E se Clóvis de Barros Filho comentasse as definições de arte propostas por esses pensadores?


Façamos agora um exercício de imaginação para responder por, Clóvis de Barros Filho, como seriam analisadas as contribuições de Platão, Aristóteles, Spinoza, Akira Kurosawa e Joãozinho Trinta à luz de seus próprios princípios sobre a autenticidade, transformação e impacto da arte na vida humana.
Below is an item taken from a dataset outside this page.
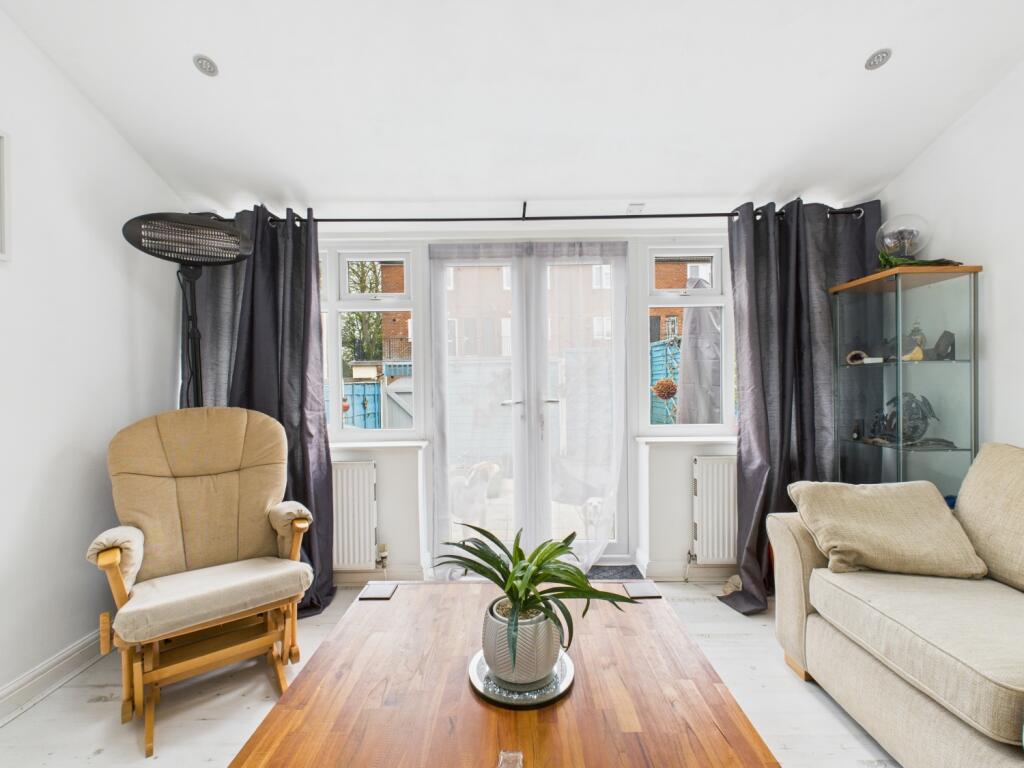 CAM03729G0-PR0019-STILL010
Clóvis de Barro Filho  - Pinterest


Platão Clóvis reconheceria a crítica de Platão sobre a arte como uma imitação distante da verdade e das Formas Ideais. No entanto, ele argumentaria que a arte, mesmo quando é uma imitação, tem o potencial de questionar e refletir a realidade, desafiar normas e inspirar uma transformação social e pessoal. A definição de Platão representaria uma advertência sobre a superficialidade, mas Clóvis também valorizaria a capacidade que arte tem de provocar uma reflexão crítica sobre a condição humana.

 

Aristóteles – a visão de Aristóteles sobre a arte como um meio de provocar catarse seria apreciada por Clóvis de Barros. Ele veria a abordagem aristotélica como um reconhecimento do poder da arte de transformar e enriquecer a experiência humana, proporcionando uma profunda experiência estética e emocional. A capacidade da arte de tocar e influenciar as emoções seria um reflexo de sua importância na busca por uma vida plena e significativa.

 

Tomás de Aquino – Clóvis de Barros Filho reconheceria a importância de Tomás de Aquino na busca pela ordem e harmonia na arte, mas criticaria sua visão por ser excessivamente rígida e normatizadora. Ele argumentaria que a arte deve transcender a mera reflexão de uma ordem moral preestabelecida, priorizando a autenticidade e a expressão pessoal. Enquanto aprecia a função moral da arte segundo Aquino, Clóvis defenderia que ela deve também promover transformação e reflexão profunda, capturando a complexidade da experiência humana e não se limitando a valores e normas rígidos.

 

Spinoza – a perspectiva de Spinoza sobre a arte como uma expressão das emoções e uma conexão com a ordem natural seria bem-vista por Clóvis como extremamente relevante. Ele valorizaria a visão de Spinoza de que a arte pode ajudar a compreender e melhorar a condição humana por meio da expressão e da reflexão sobre as emoções. Concordaria que a arte tem o poder de revelar verdades profundas e promover um maior entendimento da vida e da natureza.

 

Akira Kurosawa Clóvis de Barros admiraria a abordagem de Kurosawa, que via a arte como uma forma de analisar a condição humana e transcender barreiras culturais. A arte de Kurosawa seria um exemplo de como a expressão artística pode oferecer uma visão mais profunda da experiência humana, desafiar e enriquecer a compreensão cultural e pessoal. Clóvis valorizaria a autenticidade e a capacidade de Kurosawa de provocar um raciocínio significativo sobre a vida e a existência.

 

Joãozinho Trinta – Clóvis prezaria a forma como a arte do Carnaval pode provocar análises e questionamentos dos valores sociais. JoãosinhoTrinta transformou a Beija-Flor e o Carnaval carioca, valorizou a cultura popular e desafiou as normas estabelecidas. Ele sabia combinar elementos dramáticos e simbólicos, exemplo de como a arte pode enriquecer a vida e oferecer uma nova perspectiva sobre a condição humana.